Iran says it plans to sue the United States at the International Maritime Organization (IMO) for sanctioning its maritime transport services.
Mohammad Rastad, the managing director of the Ports and Maritime Organization of Iran, was quoted by media as saying that a complaint to the same effect would be filed to the IMO in London next week against what he described as “cruel US sanctions and restrictions on maritime transport.”
Rastad added that Iran’s complaint would be based on international laws that govern the maritime industry, stressing that Tehran would accordingly publish an official document detailing the points in which Washington would be found guilty of violating those laws.
The administration of US President Donald Trump resumed sanctions on Iran’s oil, shipping and banking industries last Monday, months after he pulled out of a landmark 2015 nuclear deal between Iran and six world powers.
Accordingly, US Special Representative for Iran Brian Hook said last week that Iranian vessels would lose access to international insurance markets under the US sanctions and so would be a risk to ports and canals which allowed them access.
“From the Suez Canal to the Strait of Malacca and all choke-points in between, Iranian tankers are a floating liability,” Hook had said.
Hook also raised the possibility that countries and port operators could face US penalties for facilitating what he called Iran’s “illicit activities” if they allowed Iranian ships access to international waterways and port facilities.
This drew an immediate response from Tehran with a top Navy official emphasizing that Iran’s armed forces would be deployed “to protect the country’s oil tankers against possible threat.”
“Iran’s armed forces … are prepared today as in the past to protect our fleet of oil tankers against any threats so that it can continue to use marine waterways,” Rear-Admiral Mahmoud Mousavi, a deputy commander of Iran’s Army, said Monday.
US officials have already said the sanctions would be meant to bring down Iran’s oil exports to zero.

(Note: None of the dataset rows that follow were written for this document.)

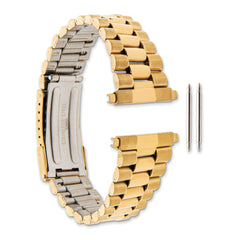 Long 22-26mm President-Style Satin and Polished Yellow IP-Plated Stainless Steel with Deployment Buckle 7 inch Watch Band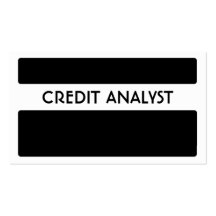 Cartes de visite blancs noirs d'analyste de crédit modèles de cartes de visite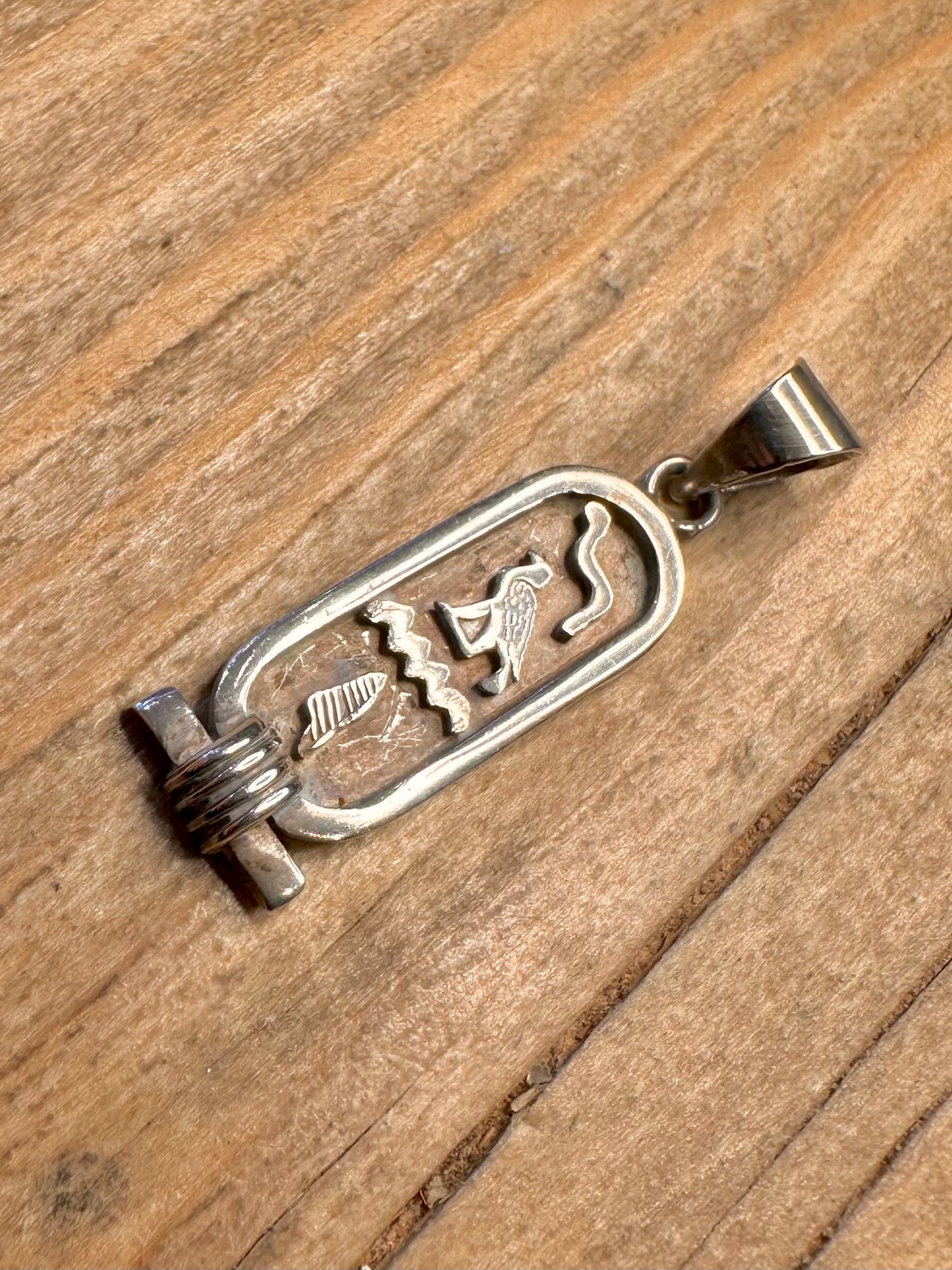 Vintage Egyptian Hieroglyphic 925 Sterling Silver Pendant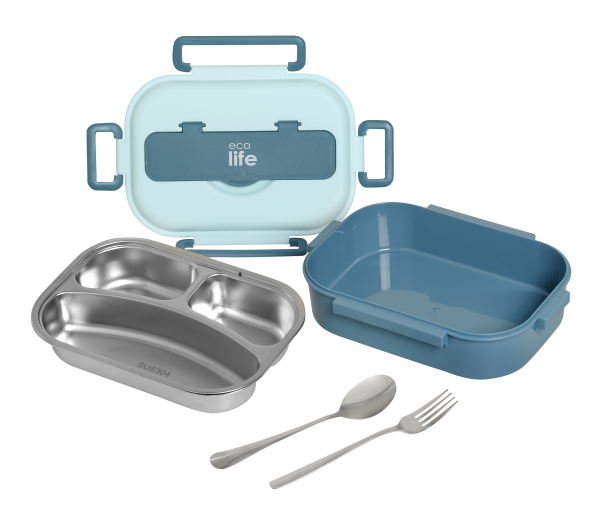 Φαγητοδοχείο με inox εσωτερικό & χωρίσματα 1lt. blue - Eco Life - Image 3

However, Iranian officials have repeatedly rejected the feasibility of this, stressing that international consumers cannot afford to lose Iranian supplies.
Iran’s First Vice President Es’haq Jahangiri said in late October that the government of President Hassan Rouhani had already devised mechanisms to counter the impacts of returning US sanctions against the country’s oil exports.
Jahangiri emphasized that Iran had serious plans to maintain oil exports above one million barrels per day.
“Iran exported as much as 2.5 million barrels per day of oil over the past months,” he told a local insurance industry conference. “There had been a decline of a few thousand barrels per day. But we have always emphasized that Iran’s exports should not decline below one million barrels per day.”